I'm reading this article and there is a paragraph:

If you ever find yourself needing to explicitly scope a variable inside a function you can use an anonymous function to do this. You can actually create an anonymous function and then execute it straight away and all the variables inside will be scoped to the anonymous function:

 (function() {
        var myProperty = "hello world";
        alert(myProperty);
  })();
 alert(typeof(myProperty)); // undefined

I met with this already but still need some clarification why should I need to explicitly scope a variable inside a function when variables are implicitly scoped inside a function in Javascript.
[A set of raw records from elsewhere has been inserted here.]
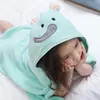 Towel Kids Baby Cartoon Embroidered Bath Hooded 90 90cm Born Coral Fleece Children Towels Blanket Bathrobe Infant TowelTowel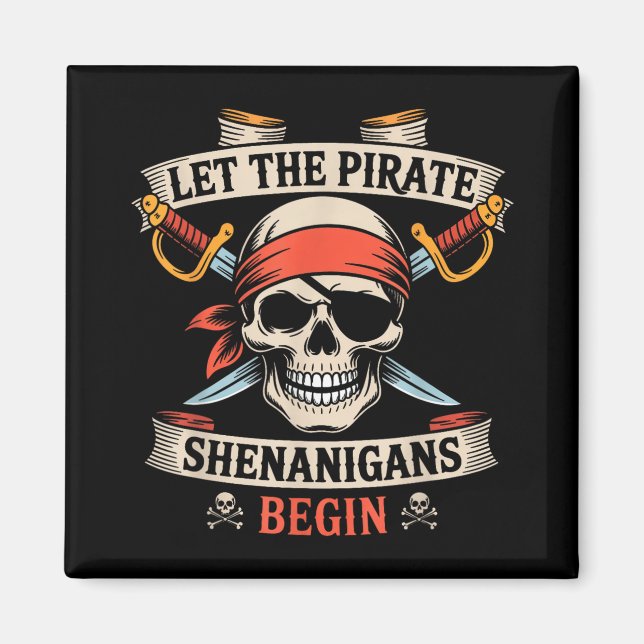 Íman Que Os Piratas Shenanigans Comecem O Crânio De Hal (Frente)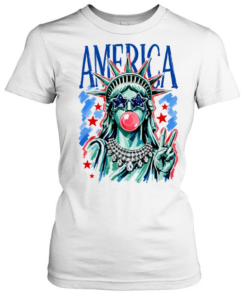 America bubble gum lady funny T Classic Women's T-shirt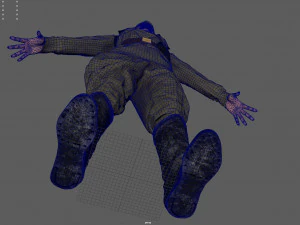 sniper woman 3D Model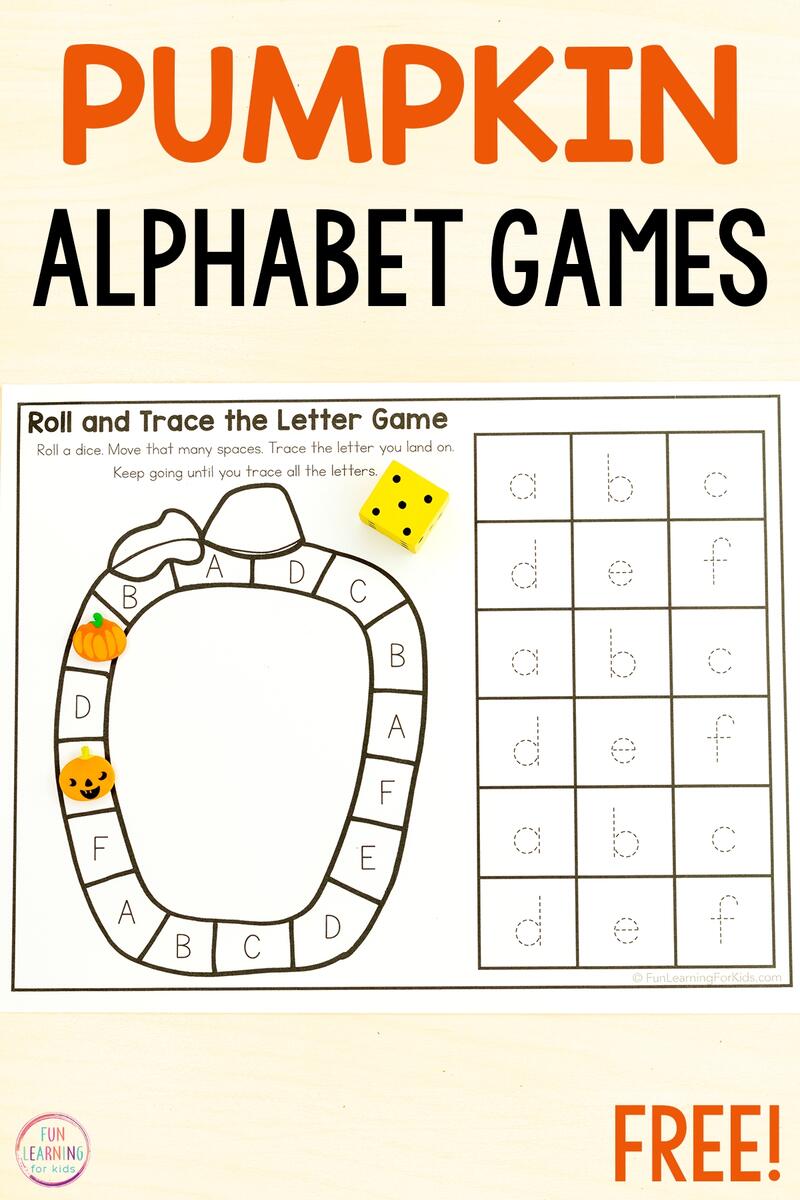 Pumpkin Alphabet Board Game Worksheets For Fall In Elementary Pumpkin Alphabet Board Game Worksheets For Fall In Elementary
Could you explain the purpose of this?

thank you

for (var i = 0; i < 10; i++) {
  setTimeout(function() { console.log(i) }, 10);
}

// alerts 10, 10 times

for (var i = 0; i < 10; i++) {
  (function(i) {
    // explicitly scope i
    setTimout(function() { console.log(i) }, 10);
  })(i);
}

When generating functions inside other functions and accessing variables up the scope chain through closure scope it may be useful to "explicitly scope" a variable inside the outer function.

Although this is an anti pattern. The correct solution would be

var generateLogger = function(i) {
  return function() { console.log(i); };
}

for (var i = 0; i < 10; i++) {
  setTimeout(generateLogger(i), 10);
}

Since generating functions in a loop is inefficient and bad practice.

There are no real use cases of "explicitly scoping" variables that can't be avoided by not creating functions inside other functions.